On Wed, 3 Dec 2003, Howard Hinnant wrote:

> On Dec 3, 2003, at 10:27 AM, Douglas Paul Gregor wrote:
> > Arrays don't play nice with the standard library,
> Could you give an example or two on this? I always thought that a
> strength of the std::lib was that it /did/ play nice with built-in
> arrays. And I don't want to miss your point.

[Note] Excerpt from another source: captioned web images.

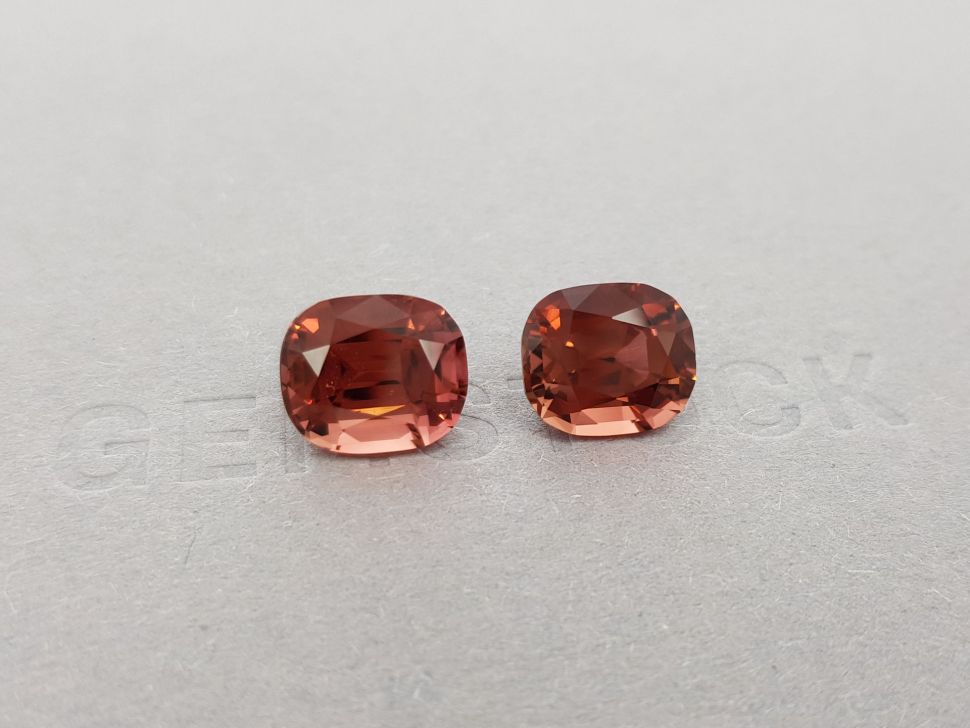 Paired orangey red tourmalines from Afghanistan 8.61 ct Image №3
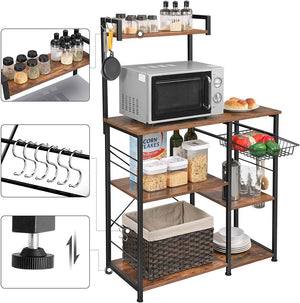 Baker's Rack Kitchen Cart, Microwave Kitchen Shelves Spices Workstation Organizer with Hooks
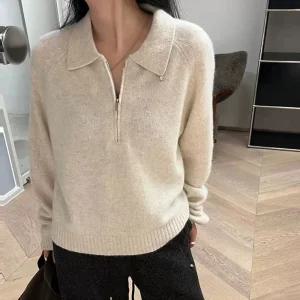 여성 반집업 카라 니트 긴팔 스웨터 루즈핏 티셔츠 티 겨울 가을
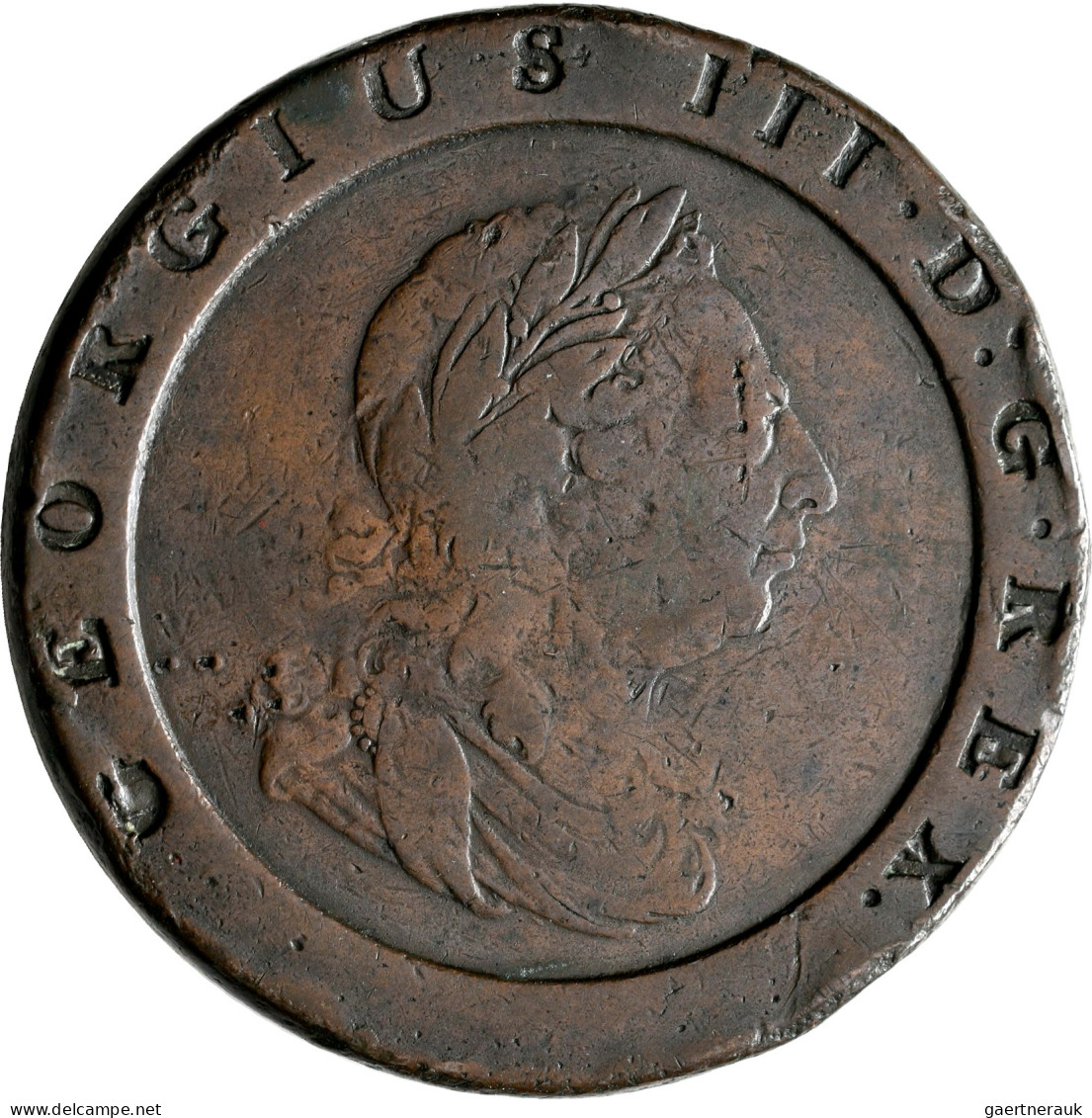 Großbritannien: Georg III. 1760-1820: Cartwheel Twopence 1797. 56,6 G. KM# 619. - Sonstige & Ohne Zuordnung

Well, arrays are just not _objects_ like all of the STL containers. They
don't have begin()/end() to get iterators, they don't have a size() member
function, or a value_type typedef, and can't be copied around like objects
can. The lib plays nice with arrays, but arrays don't want to join in the

It's just totally maddening that we have these wonderous consistencies
amongst vectors, lists, map, unordered_sets, etc., but this stupid little
array, the most trivial of all of the containers, has to stick out and be

> <big laugh!> Thanks Doug. I can definitely see where you're coming
> from.
> Otoh, I've heard similar arguments about pointers. One should never
> expose a pointer. Smart pointers are so much better than built-in
> pointers. Pointers are so dangerous many languages don't even have
> pointer types.
> So should we remove:
> is_pointer;
> remove_pointer;
> add_pointer;
> ?

I use lots of smart pointers, but there are many places where regular
pointers are still needed. Regular pointers, although they are often
considered dangerous, have pretty much the same syntax/semantics as smart
pointers. I don't think the same confusion factor applies to pointers.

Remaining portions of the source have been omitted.